*Extracted records*
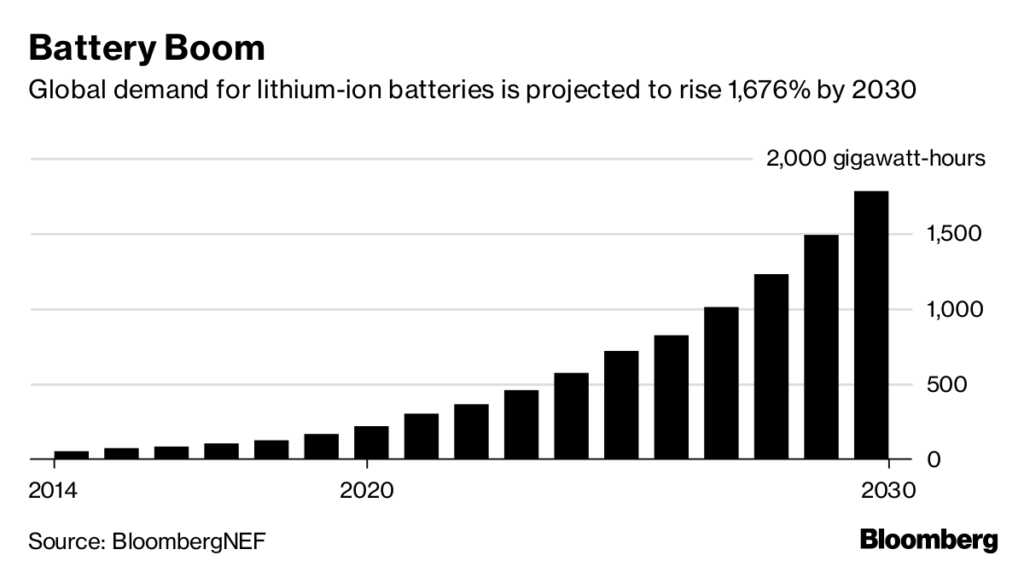 California Battery and EV Car Mandates Will Help Tesla Reach 1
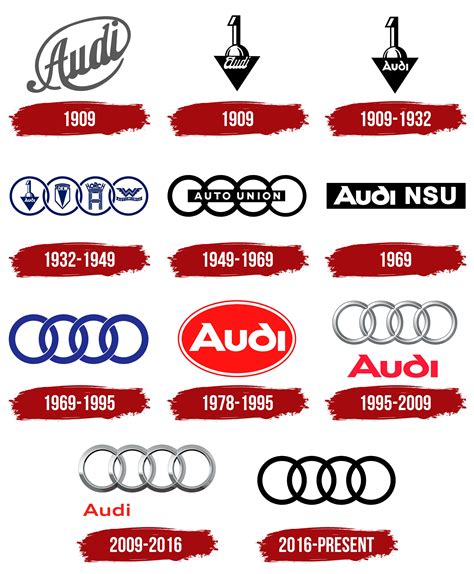 Audi Logo Symbol Meaning History Png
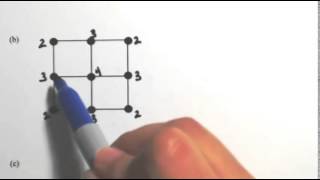 Eulerize a Graph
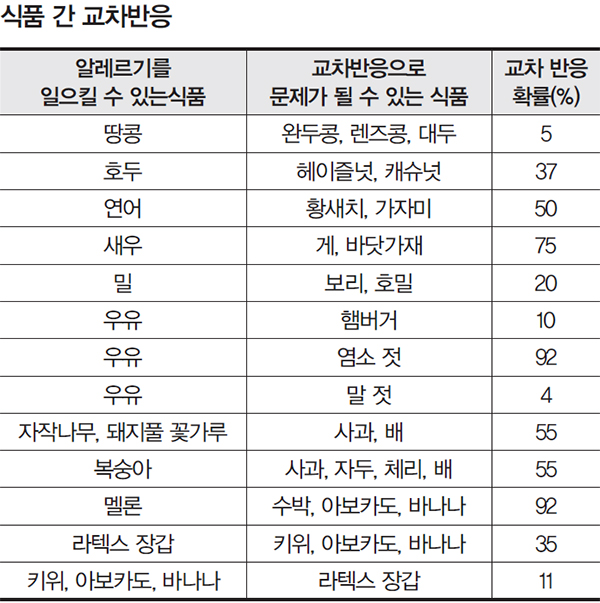 성심식품 이미지
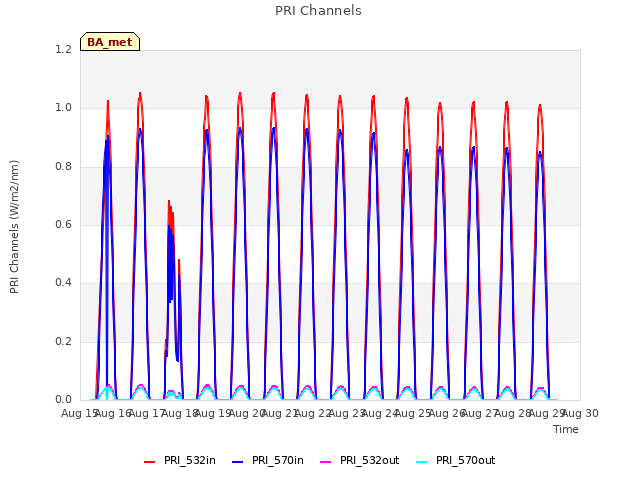 plot of PRI Channels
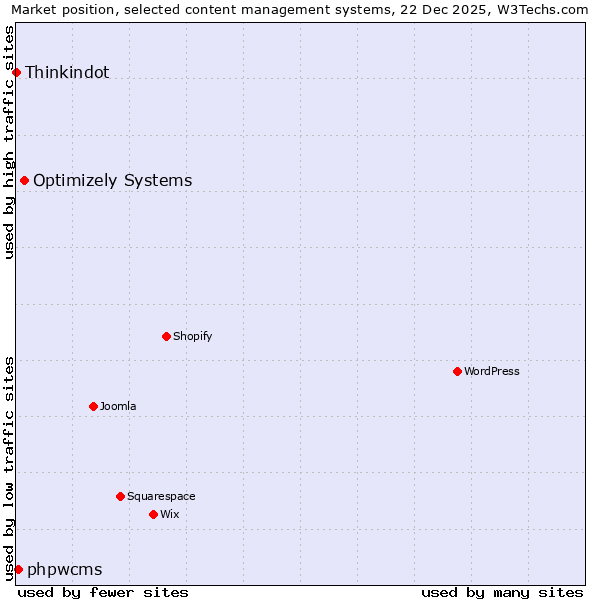 Market position of Optimizely Systems vs. phpwcms vs. Thinkindot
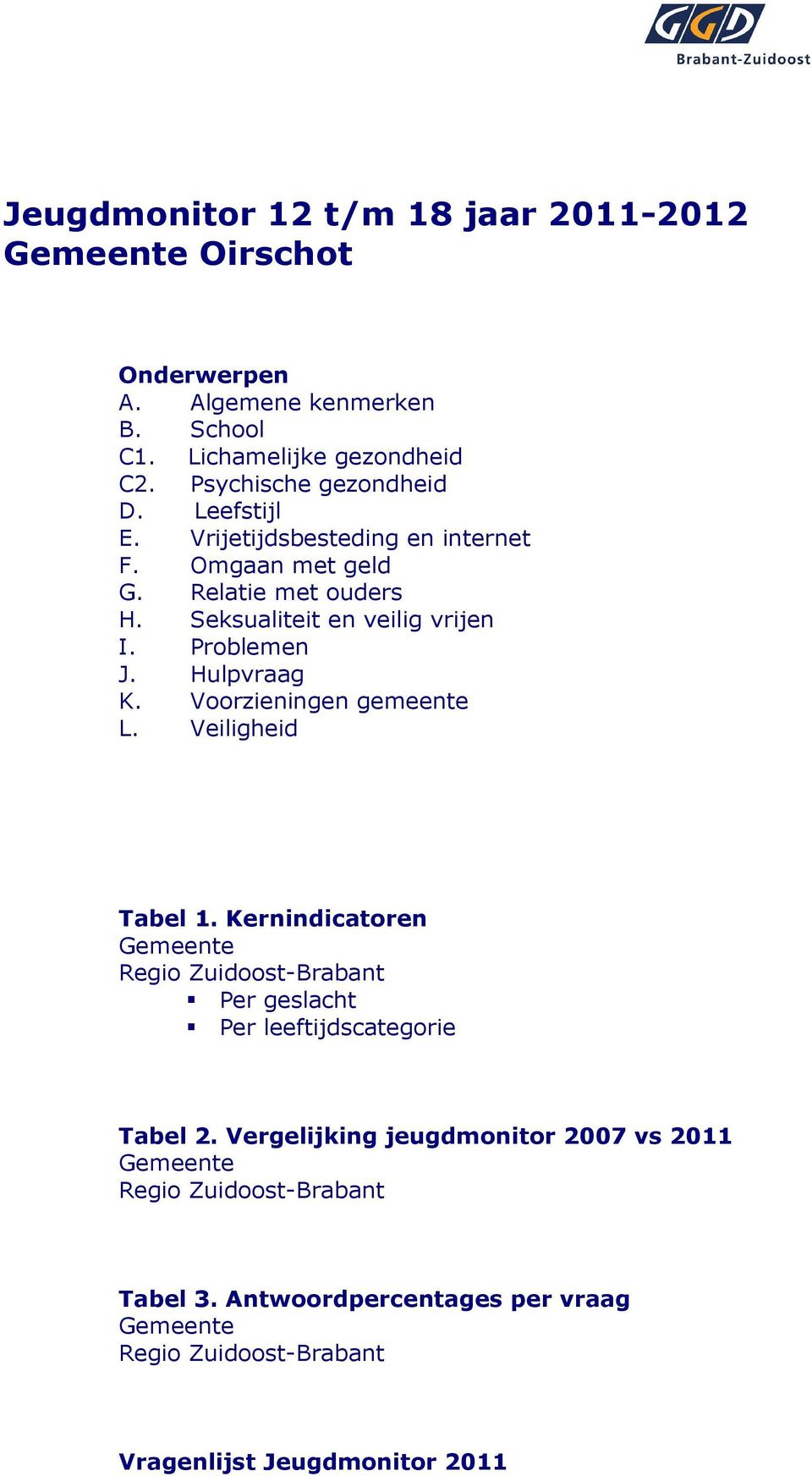 Voorzieningen gemeente L. Veiligheid Tabel 1. Kernindicatoren Gemeente Regio Zuidoost-Brabant Per geslacht Per leeftijdscategorie Tabel 2.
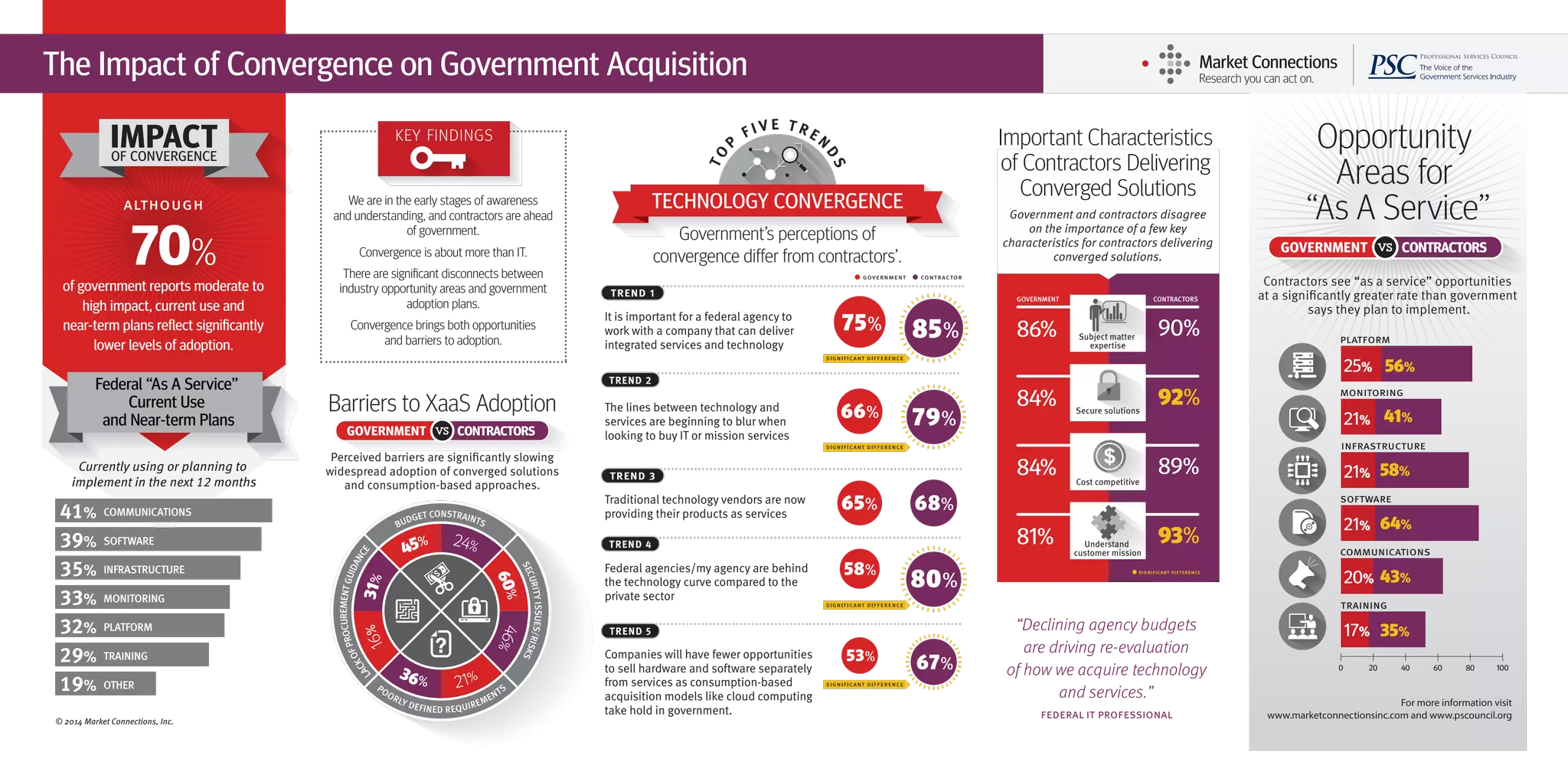 The Impact of Convergence on Government Acquisition 
We are in the early stages of awareness 
and understanding, and contractors are ahead 
of government. 
Convergence is about more than IT. 
There are signicant disconnects between 
industry opportunity areas and government 
adoption plans. 
Convergence brings both opportunities 
and barriers to adoption. 
Opportunity 
Areas for 
“As A Service” 
Contractors see “as a service” opportunities 
at a signicantly greater rate than government 
says they plan to implement. 
25% 56% 
21% 41% 
21% 58% 
21% 64% 
20% 43% 
17% 35% 
For more information visit 
www.marketconnectionsinc.com and www.pscouncil.org 
Barriers to XaaS Adoption 
Perceived barriers are signicantly slowing 
widespread adoption of converged solutions 
and consumption-based approaches. 
LACK OF PROCUREMENT GUIDANCE 
POORLY DEFINED REQUIREMENTS 
SECURITY ISSUES/RISKS 
BUDGET CONSTRAINTS 
16% 31% 
36% 21% 
60% 46% 
45% 24% 
Important Characteristics 
of Contractors Delivering 
Converged Solutions 
Government and contractors disagree 
on the importance of a few key 
characteristics for contractors delivering 
converged solutions. 
GOVERNMENT CONTRACTORS 
86% 90% 
Subject matter 
expertise 
84% 92% 
Secure solutions 
84% 89% 
Cost competitive 
81% 93% 
Understand 
customer mission 
   
“Declining agency budgets 
are driving re-evaluation 
of how we acquire technology 
and services.” 
   
KEY FINDINGS 
 
70% 
of government reports moderate to 
high impact, current use and 
near-term plans reect signicantly 
lower levels of adoption. 
Federal “As A Service” 
Current Use 
and Near-term Plans 
Currently using or planning to 
implement in the next  months 
% COMMUNICATIONS 
% SOFTWARE 
% INFRASTRUCTURE 
% MONITORING 
% PLATFORM 
% TRAINING 
% OTHER 
© 2014 Market Connections, Inc. 
 
 
 
 
 
 
0 20 40 60 80 100 
IMPACT 
OF CONVERGENCE 
TECHNOLOGY CONVERGENCE 
convergence differ from contractors’. 
TREND  
T O P F I V E T R E N D S 
Government’s perceptions of 
It is important for a federal agency to 
work with a company that can deliver 
integrated services and technology 
TREND  
The lines between technology and 
services are beginning to blur when 
looking to buy IT or mission services 
TREND  
 
   
Traditional technology vendors are now 65% 68% 
providing their products as services 
TREND  
Federal agencies/my agency are behind 
the technology curve compared to the 
private sector 
TREND  
Companies will have fewer opportunities 
to sell hardware and software separately 
from services as consumption-based 
acquisition models like cloud computing 
take hold in government. 
75% 85% 
66% 79% 
58% 80% 
53% 67% 
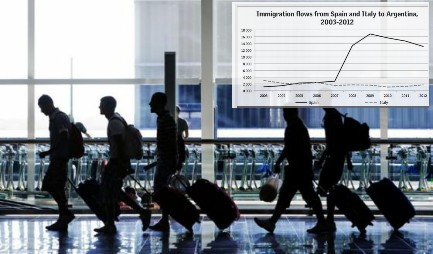 Nel grafico, spagnoli italiani verso l’Argentina nel decennio 2003-2012. (Fonte Buenos Aires Herald) | Composizione: Emiliano Ignacio Rodriguez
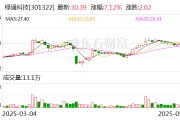通许绿通科技拟收购大摩半导体不低于51%股权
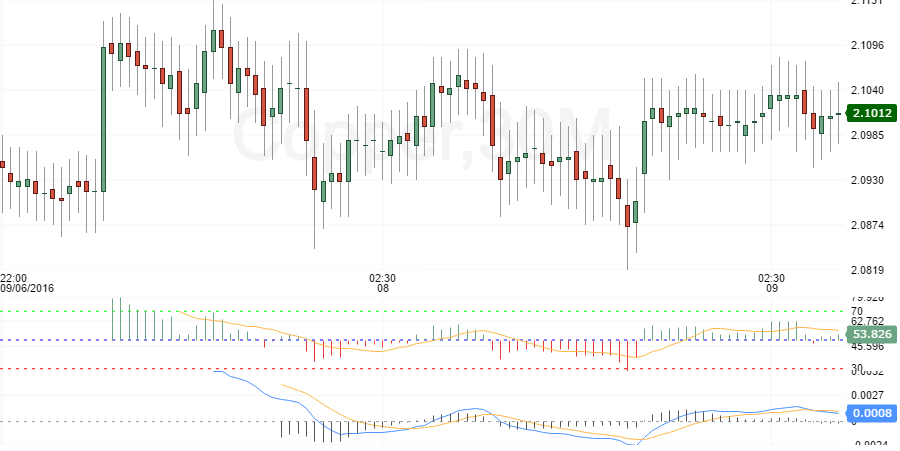 copper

*Directions for this task*
Leaving out every picture, repeat the records above exactly as they stand.

*Answer to the problem*
 California Battery and EV Car Mandates Will Help Tesla Reach 1
 Audi Logo Symbol Meaning History Png
 Eulerize a Graph
 성심식품 이미지
 plot of PRI Channels
 Market position of Optimizely Systems vs. phpwcms vs. Thinkindot
 Voorzieningen gemeente L. Veiligheid Tabel 1. Kernindicatoren Gemeente Regio Zuidoost-Brabant Per geslacht Per leeftijdscategorie Tabel 2.
 The Impact of Convergence on Government Acquisition 
We are in the early stages of awareness 
and understanding, and contractors are ahead 
of government. 
Convergence is about more than IT. 
There are signicant disconnects between 
industry opportunity areas and government 
adoption plans. 
Convergence brings both opportunities 
and barriers to adoption. 
Opportunity 
Areas for 
“As A Service” 
Contractors see “as a service” opportunities 
at a signicantly greater rate than government 
says they plan to implement. 
25% 56% 
21% 41% 
21% 58% 
21% 64% 
20% 43% 
17% 35% 
For more information visit 
www.marketconnectionsinc.com and www.pscouncil.org 
Barriers to XaaS Adoption 
Perceived barriers are signicantly slowing 
widespread adoption of converged solutions 
and consumption-based approaches. 
LACK OF PROCUREMENT GUIDANCE 
POORLY DEFINED REQUIREMENTS 
SECURITY ISSUES/RISKS 
BUDGET CONSTRAINTS 
16% 31% 
36% 21% 
60% 46% 
45% 24% 
Important Characteristics 
of Contractors Delivering 
Converged Solutions 
Government and contractors disagree 
on the importance of a few key 
characteristics for contractors delivering 
converged solutions. 
GOVERNMENT CONTRACTORS 
86% 90% 
Subject matter 
expertise 
84% 92% 
Secure solutions 
84% 89% 
Cost competitive 
81% 93% 
Understand 
customer mission 
   
“Declining agency budgets 
are driving re-evaluation 
of how we acquire technology 
and services.” 
   
KEY FINDINGS 
 
70% 
of government reports moderate to 
high impact, current use and 
near-term plans reect signicantly 
lower levels of adoption. 
Federal “As A Service” 
Current Use 
and Near-term Plans 
Currently using or planning to 
implement in the next  months 
% COMMUNICATIONS 
% SOFTWARE 
% INFRASTRUCTURE 
% MONITORING 
% PLATFORM 
% TRAINING 
% OTHER 
© 2014 Market Connections, Inc. 
 
 
 
 
 
 
0 20 40 60 80 100 
IMPACT 
OF CONVERGENCE 
TECHNOLOGY CONVERGENCE 
convergence differ from contractors’. 
TREND  
T O P F I V E T R E N D S 
Government’s perceptions of 
It is important for a federal agency to 
work with a company that can deliver 
integrated services and technology 
TREND  
The lines between technology and 
services are beginning to blur when 
looking to buy IT or mission services 
TREND  
 
   
Traditional technology vendors are now 65% 68% 
providing their products as services 
TREND  
Federal agencies/my agency are behind 
the technology curve compared to the 
private sector 
TREND  
Companies will have fewer opportunities 
to sell hardware and software separately 
from services as consumption-based 
acquisition models like cloud computing 
take hold in government. 
75% 85% 
66% 79% 
58% 80% 
53% 67% 
 Nel grafico, spagnoli italiani verso l’Argentina nel decennio 2003-2012. (Fonte Buenos Aires Herald) | Composizione: Emiliano Ignacio Rodriguez
通许绿通科技拟收购大摩半导体不低于51%股权
 copper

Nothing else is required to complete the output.